# How to prevent matting?



## Alexandra333

As Ted is going to be my first Cockapoo I'm a little worried in regards to his coat. I understand he will have lovely soft hair up until around 10 months, until his adult coat comes in. However I would like to know how frequently I will need to brush him as well as what types of brushes are the best to use. I will be planning on keeping him in a neat teddy bear style cut, in order to help keep maintaining his coat a little easier. I'm also hopefully going to be taught by my dog groomer who grooms my other dog, on how to clip him. Sorry I'm going on a tangent, so basically I'm after a few tips on how to manage the glorious coat of the cockapoo! Thanks


----------



## RuthMill

I would suggest daily comb through, I prefer a comb as it can get right down to the skin. Brushes can often just skim the surface. We do section by section and although daily is the ultimate goal, we often do it 4-5 times per week and cut out any matts along the way.


----------



## bearthecockapoo

When Bear has a short coat in the summer (1" or even slightly less during the very hot months) he did not get a single matt and I brushed him maybe once a week at most. Now his hair is much longer and shaggier (maybe 2-3") and I have been brushing him every other day with no matts.
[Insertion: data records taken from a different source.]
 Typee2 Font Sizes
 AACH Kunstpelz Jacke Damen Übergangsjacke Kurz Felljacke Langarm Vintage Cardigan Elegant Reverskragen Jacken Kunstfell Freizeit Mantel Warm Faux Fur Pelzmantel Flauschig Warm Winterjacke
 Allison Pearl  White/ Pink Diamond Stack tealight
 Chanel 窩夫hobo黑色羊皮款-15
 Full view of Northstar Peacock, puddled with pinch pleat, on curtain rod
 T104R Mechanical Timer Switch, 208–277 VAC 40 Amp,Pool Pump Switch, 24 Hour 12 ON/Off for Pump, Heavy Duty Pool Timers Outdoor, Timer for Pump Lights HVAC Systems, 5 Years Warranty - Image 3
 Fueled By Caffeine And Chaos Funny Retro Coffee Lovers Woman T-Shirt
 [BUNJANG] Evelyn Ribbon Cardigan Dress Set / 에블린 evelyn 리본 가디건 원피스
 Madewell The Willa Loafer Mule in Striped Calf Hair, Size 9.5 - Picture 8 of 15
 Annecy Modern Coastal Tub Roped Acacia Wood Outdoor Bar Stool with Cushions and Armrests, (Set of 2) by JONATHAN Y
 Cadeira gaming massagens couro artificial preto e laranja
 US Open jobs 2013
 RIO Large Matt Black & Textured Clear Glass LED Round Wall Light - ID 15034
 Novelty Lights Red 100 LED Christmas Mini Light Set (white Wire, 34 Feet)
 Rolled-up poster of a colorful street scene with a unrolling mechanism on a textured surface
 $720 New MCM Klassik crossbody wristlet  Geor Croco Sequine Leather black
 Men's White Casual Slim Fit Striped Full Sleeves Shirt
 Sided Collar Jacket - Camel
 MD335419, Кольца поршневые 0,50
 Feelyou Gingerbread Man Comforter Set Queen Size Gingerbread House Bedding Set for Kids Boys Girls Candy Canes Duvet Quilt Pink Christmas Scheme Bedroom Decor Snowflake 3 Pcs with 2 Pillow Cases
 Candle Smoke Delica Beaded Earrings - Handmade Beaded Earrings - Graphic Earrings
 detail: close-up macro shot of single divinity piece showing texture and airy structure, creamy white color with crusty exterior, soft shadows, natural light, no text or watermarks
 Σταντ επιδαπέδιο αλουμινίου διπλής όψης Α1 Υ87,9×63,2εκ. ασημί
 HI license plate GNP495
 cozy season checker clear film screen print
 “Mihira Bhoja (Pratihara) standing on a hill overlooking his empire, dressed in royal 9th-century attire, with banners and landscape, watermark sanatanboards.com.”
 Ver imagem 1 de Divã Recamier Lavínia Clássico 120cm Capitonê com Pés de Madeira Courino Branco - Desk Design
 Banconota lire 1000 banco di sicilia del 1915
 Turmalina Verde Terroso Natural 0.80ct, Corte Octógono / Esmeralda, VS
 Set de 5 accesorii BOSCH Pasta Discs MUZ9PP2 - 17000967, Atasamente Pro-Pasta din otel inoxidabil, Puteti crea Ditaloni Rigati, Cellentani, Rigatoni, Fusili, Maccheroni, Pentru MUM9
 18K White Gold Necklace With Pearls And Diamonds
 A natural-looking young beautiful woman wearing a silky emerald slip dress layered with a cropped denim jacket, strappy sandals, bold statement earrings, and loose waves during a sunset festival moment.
He has a very curly coat.


----------



## Marzi

Matts do happen... This weather is the worst, the dogs are constantly slightly damp and if they wear fleeces or coats friction can cause their fur to matt more. When life is busy it can be tricky to fit in adequate grooming time. I keep my poos hair fairly short and try to comb them through a couple of times a week. I have a blaster and that makes it easier to wash and dry them.... I just spent a couple of hours tonight washing legs and bellies and ear ends, drying and combing.... I am fed up of mud!


----------



## RuthMill

Marzi said:


> Matts do happen... This weather is the worst, the dogs are constantly slightly damp and if they wear fleeces or coats friction can cause their fur to matt more. When life is busy it can be tricky to fit in adequate grooming time. I keep my poos hair fairly short and try to comb them through a couple of times a week. I have a blaster and that makes it easier to wash and dry them.... I just spent a couple of hours tonight washing legs and bellies and ear ends, drying and combing.... I am fed up of mud!


It's in this weather than you just yearn for nice forest walks on dry paths with the sun peeping through the gaps in the trees. Ah those days are my favourite. 

Can't believe I forgot to mention my blaster. I love it.


----------



## Alexandra333

Just saying a big thank you to all of the replies, so so helpful! I really appreciate everybody's tips and advice


----------